Tuesday, September 5, 2023

brief book reviews

have been living through the worst period of my life and have been physically and mentally exhausted every day, but was able to finish reading some books:

everything like before by kjell askildsen (archipelago press): looked up books that had one the same norwegian literary prize that uncle kok's first book won and found this guy. unsure if this is the book that won, however. short story collection about sad norwegian people in complicated relationships. interested in its emphasis on older/elderly people. noticed a trend in sort of revealing that a given character was involved in killing someone toward the end of a story, but liked it as a conceit - exploring things like how people would, realistically, handle learning that someone they're starting to get to know is actually a convicted murderer. also enjoyed the 'classic lit fic' stories about couples in doomed/bad relationships, being passive-aggressive with one another, feeling sorry for themselves, etc., but with less self-importance or pity, maybe. also like the norwegian-style emphasis on stilted/awkward conversation, people saying things strangely/self-consciously, etc. noticed that several of the stories are more or less riffs on the same exact idea, e.g. 3+ stories about different couples going on vacation in greece and suffering infidelity problems. enjoyed most the stories where people sort of accidentally do/say really shitty things and struggle to communicate. would recommend, interested in reading more by him.

hunts in dreams by tom drury: read after enjoying the black brook. this one is much shorter and takes place over a long weekend, basically, through four alternative POVs but within each POV extends to follow some other people in their orbit. enjoyed more than the black brook. enjoyed the general vibe, flow, setting, and characters. nothing really terrible or dramatic happens. everyone seems more or less normal and relatable in spite of their unique neuroses. enjoyed the early 2000s, rural midwest setting, sort of like the end of the small town world. people wander into each other, take their time doing stuff, go out into nature, watch tv. enjoyed its joy williamsian quirkiness without the joy williamsian drama. found myself looking forward to reading it and inhabiting its world when i wasn't reading it.
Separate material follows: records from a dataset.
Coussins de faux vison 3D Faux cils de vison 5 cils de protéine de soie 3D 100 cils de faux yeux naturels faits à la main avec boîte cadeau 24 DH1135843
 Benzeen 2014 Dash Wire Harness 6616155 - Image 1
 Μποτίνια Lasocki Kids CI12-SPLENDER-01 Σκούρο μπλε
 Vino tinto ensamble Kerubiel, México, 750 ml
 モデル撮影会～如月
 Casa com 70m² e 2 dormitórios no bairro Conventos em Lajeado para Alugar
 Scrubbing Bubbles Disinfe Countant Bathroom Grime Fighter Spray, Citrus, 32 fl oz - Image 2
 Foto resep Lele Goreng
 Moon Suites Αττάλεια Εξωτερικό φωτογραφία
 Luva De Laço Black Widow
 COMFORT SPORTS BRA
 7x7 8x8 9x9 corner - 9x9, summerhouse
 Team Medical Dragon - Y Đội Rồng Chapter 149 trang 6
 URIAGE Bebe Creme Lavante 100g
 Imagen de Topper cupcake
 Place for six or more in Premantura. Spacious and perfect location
the end of vandalism by tom drury: turns out this is his debut and technically involves most of the characters from hunts in dreams, but is readable out of sequence. less concise and polished than his later books but i still liked it a lot, especially the meandering slowness of the various character arcs and random scenes, the extended nature/home writing passages, and the various little jokes such as introducing the high school health teacher as someone who infamously confused a whole class of 9th graders by describing the penis, during intercourse, as "hard and crusty." cried briefly on the train during the unexpected stillbirth scene. would highly recommend tom drury, based on having read and enjoyed three of his books; lent it to my mother because it's set in iowa, and she later returned it to me while grimacing, noting she had only read a little bit of it and hated it.

nightwood by djunba barnes: bought at a used book sale because of it being described as a contemporary/modern feeling lesbian love story from the 30s. not a big fan of the style, but laughed a lot at the absurdity of the first several chapters focusing entirely on "the jewish moral character" and some loser dude, with no women or lesbian sex anywhere. skipped around and still didn't like the prose, gave up.

replacement by tor ulven (dalkey archive): had this on the shelf for a while. it's currently the only ulven novel translated into english, and comes with a big afterword by stig saeterbakken, who is an author i like a lot. it's a sort of fragmentary narrative that unceremoniously moves between different, sometimes vaguely overlapping, characters/perspectives, and shifts from third to second person early on, then back again at the end. the style emphasizes mundane lists and prolonged meditations on physical descriptions of scenes or objects, such as how the light shines through a curtained window for ~3 pages at a time, but which never feels boring or uninteresting. as such there isn't really an overarching plot, but threads between sections are alluded to, and the individual narratives are almost all separately very compelling -- enjoyed thinking of how the various sections could have been shuffled in any order and probably result in a just as compelling book, which i typically would consider kind of lame, but i think the strength of the writing here sets it apart. especially enjoyed the confidence to move perspectives without having to have some kind of third act reveal or clever framework to define/explain it. enjoyed the details and specifics of most individual character arcs, the varying levels of standard norwegian litfic personal bleakness, and the times when an image or idea is referenced across different arcs. would recommend. hoping more of his work is translated sometime soon.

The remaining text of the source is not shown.